The linear transformation $g: R^3 \rightarrow R^3 $ given by $$g(x,y,z) = (x+y,~2y+z,~3z)$$ Find a basis $T$ for $R^3$ such that $_T[f]_T$ is diagonal.

First I found a matrix of a linear transformation

$$_S[g]_S= \begin{pmatrix} 1 & 1 & 0 \\ 0 & 2 & 1 \\ 0 & 0 & 3 \end{pmatrix} $$

and $g$ has eigenvalues $1,2,3$.

But know I am not sure how to find a basis $T$.

Should I try to find the eigenspaces $V(\lambda)$-s corresponding to eigenvalues?

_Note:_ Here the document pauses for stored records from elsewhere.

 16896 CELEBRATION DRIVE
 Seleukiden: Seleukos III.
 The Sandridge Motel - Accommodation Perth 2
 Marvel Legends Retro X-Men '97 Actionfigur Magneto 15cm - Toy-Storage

I'm not really sure how, to begin with, this one. Anything would help thanks.

Answer 1

Try to find three non-zero vectors $v_1,v_2,v_3$ in $\mathbb R^3$ such that $g(v_1)=v_1$, $g(v_2) = 2v_2$ and $g(v_3) = 3v_3$. Then put $T = \{v_1,v_2,v_3\}$.

Answer 2

Now, you find eigenvectors corresponding to those eigenvalues. It is clear that $(1,0,0)$ is an eigenvector corresponding to the eigenvalue $1$. With a few calculations, you get that $(1,1,0)$ is an eigenvector corresponding to the eigenvalue $2$ and that $(1,2,2)$ is an eigenvector corresponding to the eigenvalue $3$. So, take$$T=\bigl\{(1,0,0),(1,1,0),(1,2,2)\bigr\}.$$Then, the matrix of $g$ with respect to $T$ is$$\begin{bmatrix}1&0&0\\0&2&0\\0&0&3\end{bmatrix}.$$